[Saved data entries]

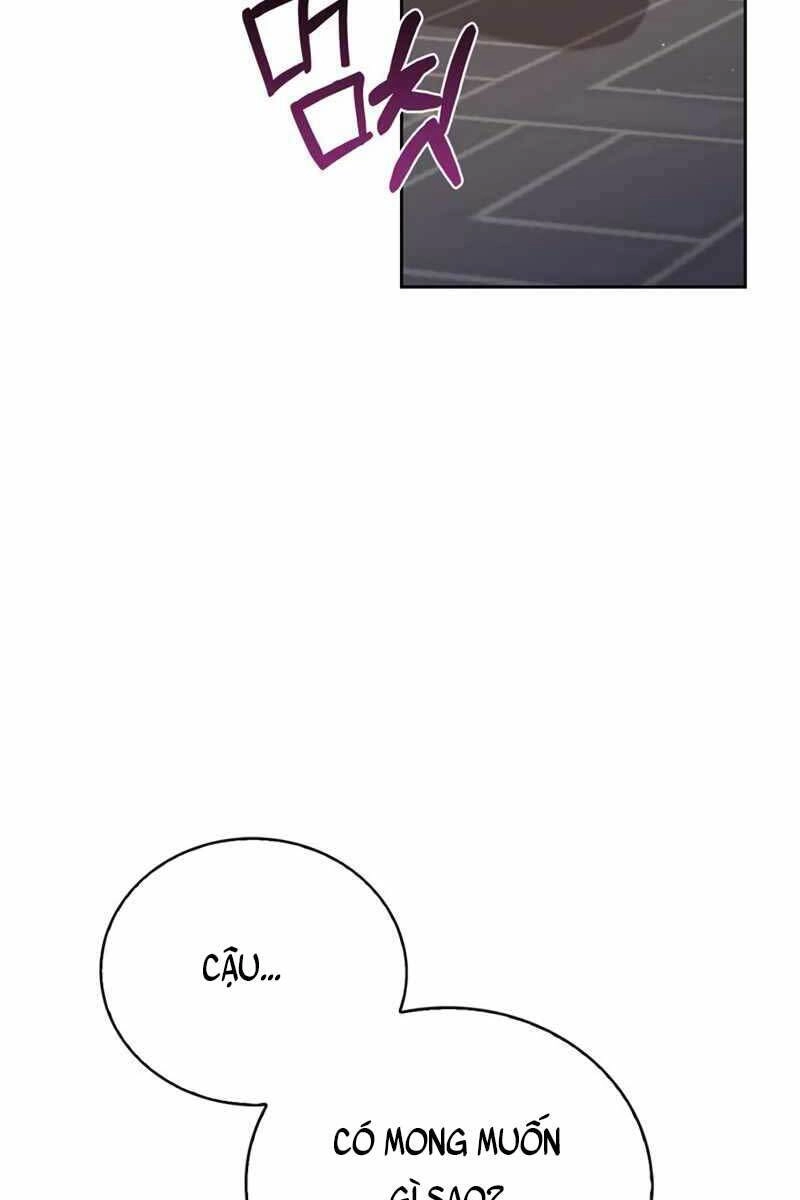 Tôi Không Tài Năng Đến Thế Đâu Chapter 13 - 136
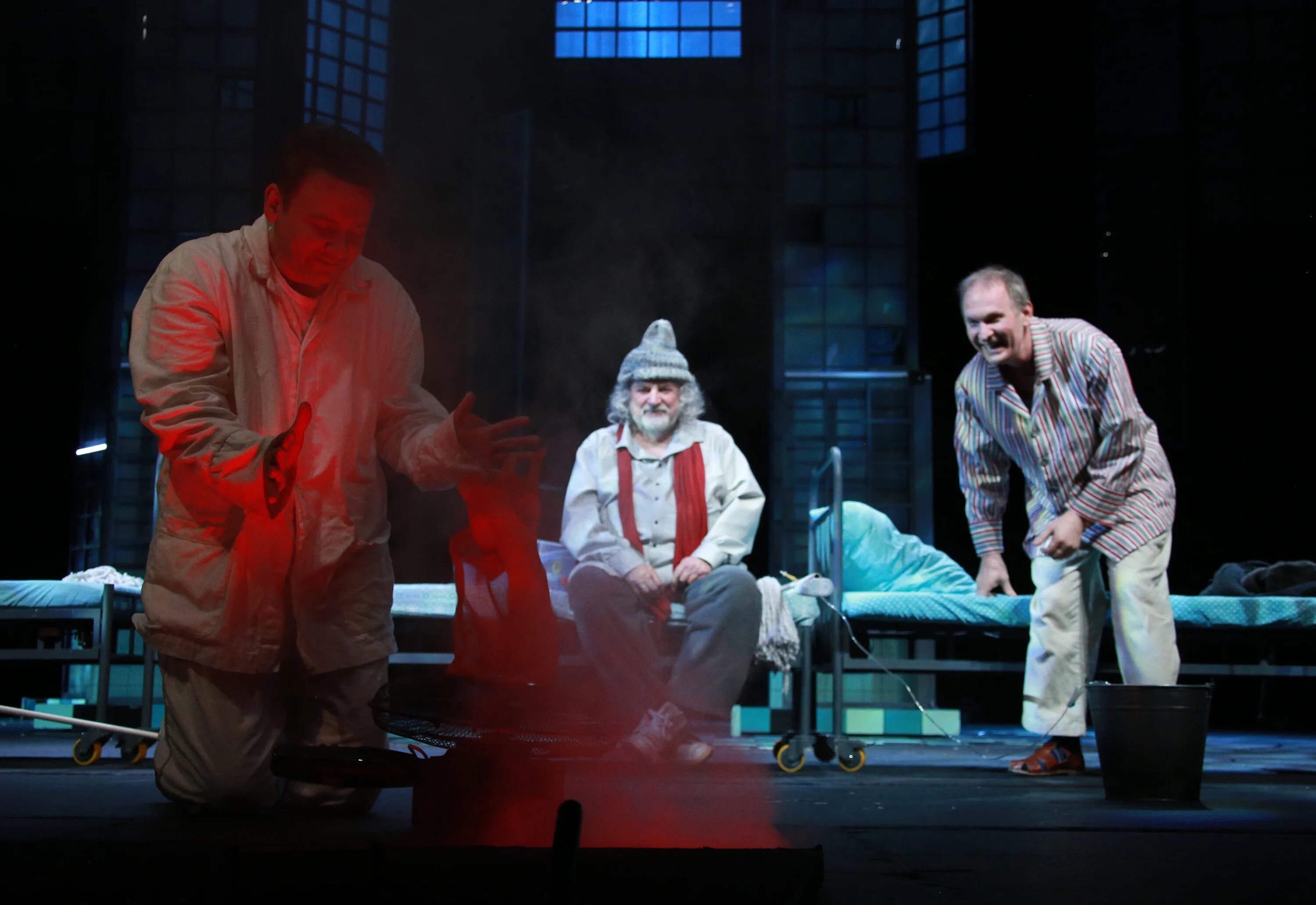 Дядя джордж спектакль театр сатиры. Театр сатиры спектакль олешко. Где мы спектакль. Ширвиндт олешко добронравов. Спектакль где мы билеты.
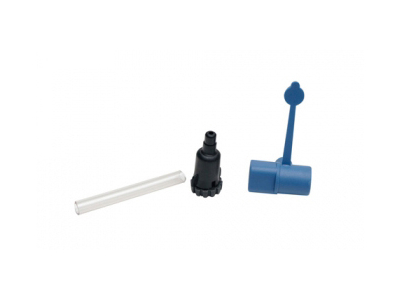 Fluval Austrittsadapter für Fluval 2plus bis 4plus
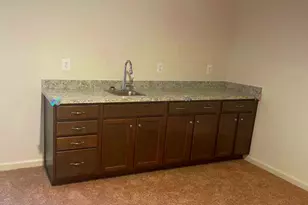 725 Coastal Ave, Stafford, VA 22554 - Photo 11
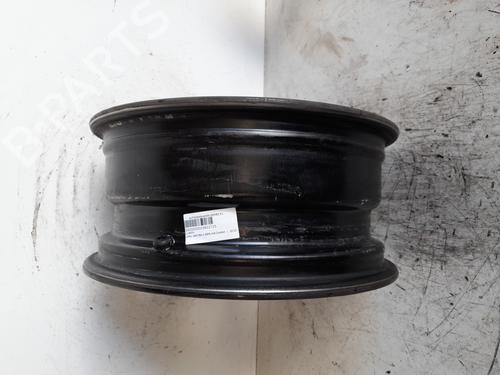 Felga OPEL VECTRA C (Z02) 2.2 DTI 16V (F69) | BP16435650C45 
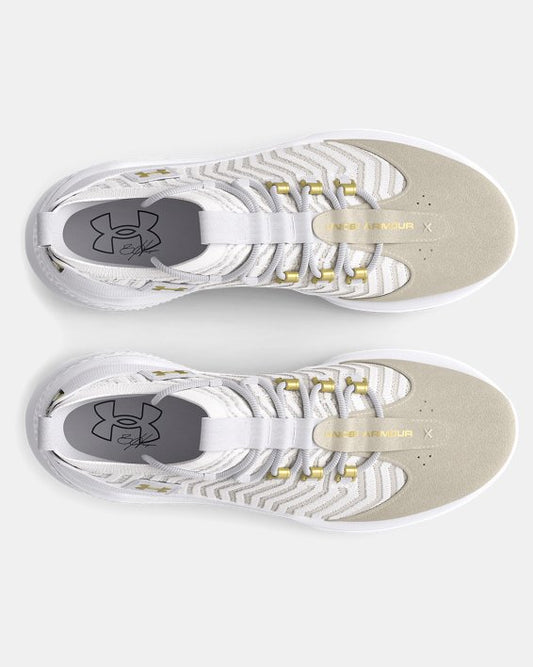 UA Harper 9 Turf Men's Baseball Shoes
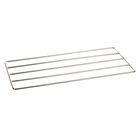 Henny Penny 152196 Basket Support Rack Split Pot-LVE20X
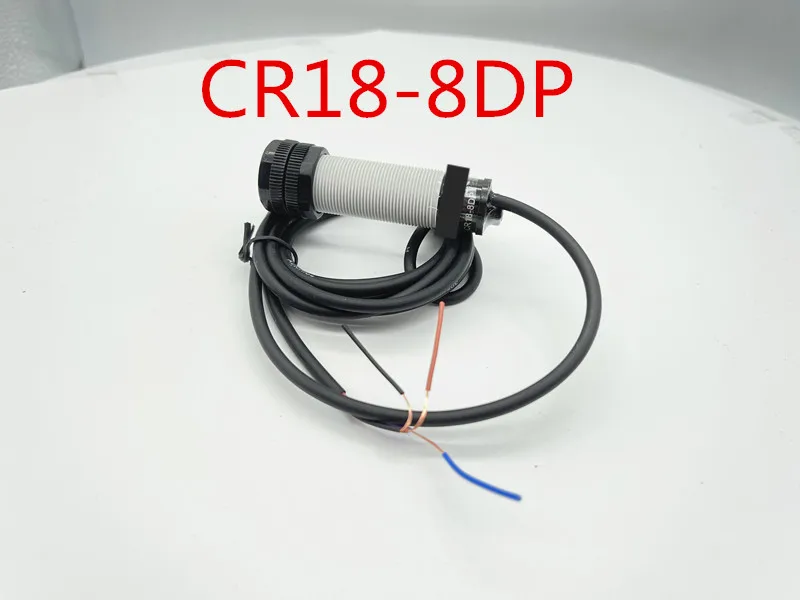 cr18-8dp-datasheet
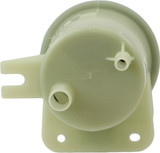 Atlantic Automotive Engineering Power Steering Reservoir RES-0155 - view 3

TASK ITEM:
Reproduce exactly and only the lines from the line that contains "cr18-8dp-datasheet" to the end of the data above, both ends included. No pictures go in the copy.

SOLVED EXERCISE:
 cr18-8dp-datasheet
 Atlantic Automotive Engineering Power Steering Reservoir RES-0155 - view 3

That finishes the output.